Having adored the last Assassins Creed video game, when I saw the movie on a streaming service I decided to jump in and see how the film turned out. I hadn’t heard good things from when the film was released and I never got round to seeing it in cinema’s, but I always hope for a film to be good.
I loved the director and actor combo of Justin Kurzel and Michael Fassbender (as well as Marion Cotillard) work on 2015’s Macbeth. A film that was true to the Shakespeare story but with some really stylish action that promised much for this more action heavy film. I will go in-depth on my thoughts of the action later, but I was expecting some great action at the very least from Assassins Creed.
As a fan of the games, I know the lore and long running story behind this film, and that did help me to understand some parts of the film. It did make me think that someone watching this with no prior knowledge may think it’s a bit over complicated and there may be a lot of unexplained plot points and information that would be really useful to the viewer. The film has several easter eggs and hints at the franchise’s gaming heritage, but it never commits fully to that lore and there are no name drops for franchise icons Ezio or Altair. They are hinted at, in one particularly odd scene specifically, but it feels like this film is set in the world as well as separate from it, as no game has mentioned any of the events that take place here as far as I am aware.
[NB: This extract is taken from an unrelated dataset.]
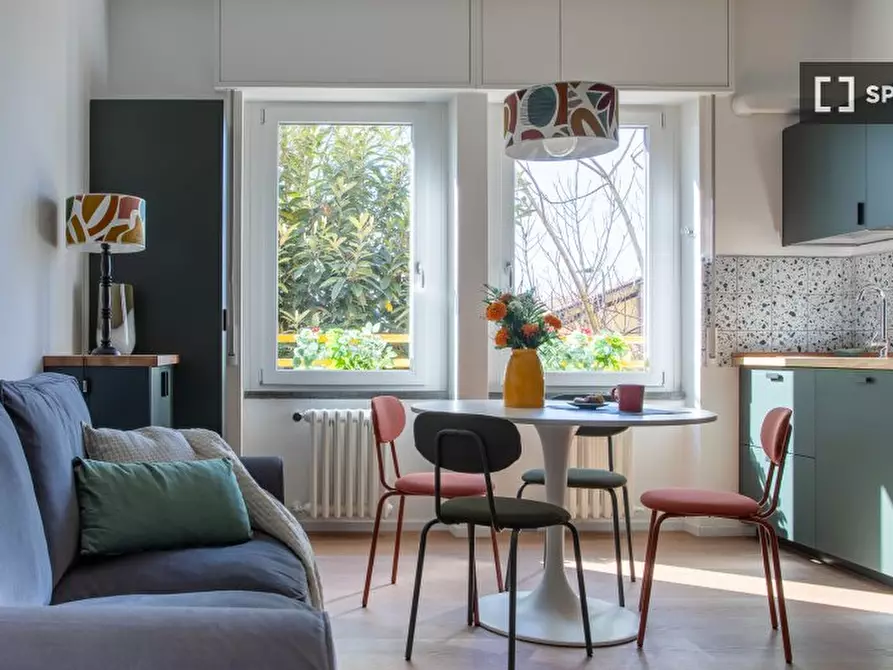 Immagine 1 di Appartamento in affitto  in Via Giacinto Serrati Menotti a Milano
Fassbender is in the lead role, and is fine. Which I think is a good word for every performance in this picture. Nobody stands out, everyone is just playing the part they’re given and doing what they can with some questionable dialogue. Nobody feels fully invested in their role and that disappointed me a little, as I felt there was a lot of potential with the cast they put together for this one. Cotillard and Jeremy Irons have an interesting dynamic that is touched on but then falls into the generic roles of the sympathetic villains daughter and the irredeemable evil man.
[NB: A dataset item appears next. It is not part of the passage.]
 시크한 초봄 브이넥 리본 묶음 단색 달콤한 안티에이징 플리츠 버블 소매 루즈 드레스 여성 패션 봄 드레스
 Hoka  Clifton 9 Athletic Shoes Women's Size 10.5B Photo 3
The lack of meaningful character development we do get with the main character, Fassbender’s Cal Lynch, doesn’t seem to go anywhere and then magically something clicks and he’s a new man. I know video games have had some ropey character development in them over the years, but this script doesn’t give anyone enough to really go on an arc that is worth watching.
The other side of Fassbender’s role, as Spanish assassin Aguilar, is intriguing, but that is it. We don’t learn anything about him, why he does what he does, except from a cursory line thrown in to explain why he is who he is. From then he has action scene after action scene, with no explanation or motivations given for why he is doing what he is doing. For me this films divided and broken by the jumps between time, even with action scenes cutting between the two.
The biggest departure from the lore of the AC games is the way the Animus is shown. Every incarnation to date has been a headset or a table you lay on and essentially view through the eyes of your ancestor, with no physical interaction in the current day. For some reason, the film makers behind this film decided to scrap that, and put Michael Fassbender on a giant arm that flings him about as he is living through the eyes of his ancestor Aguilar. The decision to cut between this and the historic time just did not work at all for me.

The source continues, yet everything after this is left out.